Jim Manson, Andy Stewart, Martin Pendlebury and Emily Ferguson, Maersk Oil, UK;  Ukpe John, Ian Tribe and Rebecca Lepp, Schlumberger

 

Dumbarton Field, operated by Maersk Oil, UK, is located in UK North Sea Block 15/20. During its life, the field presented numerous drilling challenges, which hampered its development. These include formation instability, directional drilling control issues and thin, complex reservoirs that were poorly imaged by seismic. Drilling is further complicated by transition drilling—alternating zones of fast drilling separated by slow-drilling, hard, abrasive stringers. The field pore pressure gradient is 9.07 ppg equivalent mud weight; but to maintain wellbore stability, mud weights up to 11.6 ppg are required. Because of these and other challenges, traditional mud-motor directional drilling has been sub-optimal.

Discovered in 1987 by BP, the field was originally Donan Field. The discovery well, 15/20a-4, and a single development well, 15/20a-6, provided production during the subsequent 10 yr and accounted for a cumulative 15.3 million bbl of oil. In the latter half of the 1990s, additional horizontal development wells were planned to replace the two producers. Five attempts were made, but all failed due to wellbore stability issues. BP continued production from the original two wells until 1997. Watercut had reached 71%, and production ceased to be profitable.

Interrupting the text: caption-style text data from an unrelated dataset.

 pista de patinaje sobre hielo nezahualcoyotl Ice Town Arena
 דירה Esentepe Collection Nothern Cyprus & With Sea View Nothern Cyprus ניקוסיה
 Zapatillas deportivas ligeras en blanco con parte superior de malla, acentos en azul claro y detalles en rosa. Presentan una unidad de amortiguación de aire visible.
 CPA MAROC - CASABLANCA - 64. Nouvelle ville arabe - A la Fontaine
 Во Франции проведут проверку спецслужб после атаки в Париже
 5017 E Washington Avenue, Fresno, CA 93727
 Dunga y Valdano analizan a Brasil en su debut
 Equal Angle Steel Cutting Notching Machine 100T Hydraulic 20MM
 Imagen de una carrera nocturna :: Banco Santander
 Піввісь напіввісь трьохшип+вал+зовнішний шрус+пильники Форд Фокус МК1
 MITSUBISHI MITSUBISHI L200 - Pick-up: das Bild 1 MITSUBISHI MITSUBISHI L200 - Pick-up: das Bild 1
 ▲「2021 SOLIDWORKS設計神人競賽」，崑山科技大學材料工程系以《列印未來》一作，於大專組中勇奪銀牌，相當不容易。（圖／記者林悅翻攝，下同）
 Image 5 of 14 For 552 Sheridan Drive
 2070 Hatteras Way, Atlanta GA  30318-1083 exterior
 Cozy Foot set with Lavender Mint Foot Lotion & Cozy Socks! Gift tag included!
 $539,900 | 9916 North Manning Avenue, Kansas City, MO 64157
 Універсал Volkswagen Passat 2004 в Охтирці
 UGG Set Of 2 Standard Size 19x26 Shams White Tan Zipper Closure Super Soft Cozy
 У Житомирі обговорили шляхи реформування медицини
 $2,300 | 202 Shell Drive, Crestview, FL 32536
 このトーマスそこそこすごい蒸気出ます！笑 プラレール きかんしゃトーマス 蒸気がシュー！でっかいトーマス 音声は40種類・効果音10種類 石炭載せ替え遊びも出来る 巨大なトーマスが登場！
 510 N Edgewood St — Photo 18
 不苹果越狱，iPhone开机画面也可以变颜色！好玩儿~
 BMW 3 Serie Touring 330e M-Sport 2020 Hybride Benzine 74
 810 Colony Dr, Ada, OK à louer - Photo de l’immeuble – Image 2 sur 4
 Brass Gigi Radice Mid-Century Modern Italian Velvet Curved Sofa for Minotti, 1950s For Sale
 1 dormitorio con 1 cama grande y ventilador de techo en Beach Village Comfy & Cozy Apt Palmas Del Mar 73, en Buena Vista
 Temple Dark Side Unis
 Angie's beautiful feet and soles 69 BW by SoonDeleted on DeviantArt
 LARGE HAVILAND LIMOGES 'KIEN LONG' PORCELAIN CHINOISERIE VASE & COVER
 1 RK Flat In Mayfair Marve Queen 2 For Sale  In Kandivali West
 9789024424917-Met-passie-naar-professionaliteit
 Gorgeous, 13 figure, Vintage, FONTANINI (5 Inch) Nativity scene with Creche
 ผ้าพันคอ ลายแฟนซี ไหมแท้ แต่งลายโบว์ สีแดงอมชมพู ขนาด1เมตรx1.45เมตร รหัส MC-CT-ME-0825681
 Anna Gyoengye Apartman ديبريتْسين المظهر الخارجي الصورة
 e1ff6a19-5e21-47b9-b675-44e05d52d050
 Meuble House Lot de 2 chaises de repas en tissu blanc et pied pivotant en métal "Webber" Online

Maersk Oil UK acquired the field and assessed the seven wells in the vicinity that intersected oil in Paleocene sandstones. These included the wells of Dumbarton/Donan Field and the smaller Pladda Field to the east. The reservoirs are low-relief, areally-extensive structures with thin oil legs from 30-ft to 100-ft thick, which are aquifer driven. Well tests were performed in one Jurassic and three Paleocene sequences; each flowed oil at 3,000 bpd. Production was good quality, undersaturated oil with a gas/oil ratio of about 400 ft3/bbl and an API gravity of about 40°. The reservoir sits atop a thick Balmoral sand package with average porosity and permeability of 30% and 1 Darcy, respectively. The sand is layered with thin, laterally-extensive shales.

The deciding factor for the redevelopment was the revelation that the original oil in place was estimated at 150 million bbl. Almost 90% of the oil was still in place. In addition, the economic climate had changed dramatically since the late 1990s. Accordingly, five production wells were planned to exploit the field along with a single water injection well.

RECOMMENDATIONS

The plan was to place five producers in the Balmoral sandstone at least 40 ft above the Oil/Water Contact (OWC). Horizontal drainholes were to be drilled and logged to intersect at least 120 ft of high-quality sand to confirm that the wells were properly placed. After studying data from previously drilled wells, the team recommended that the wells be geosteered using real-time Logging-While-Drilling (LWD) data. Steering was to be accomplished using the PowerDrive Xceed rotary steerable system for harsh, rugged environments.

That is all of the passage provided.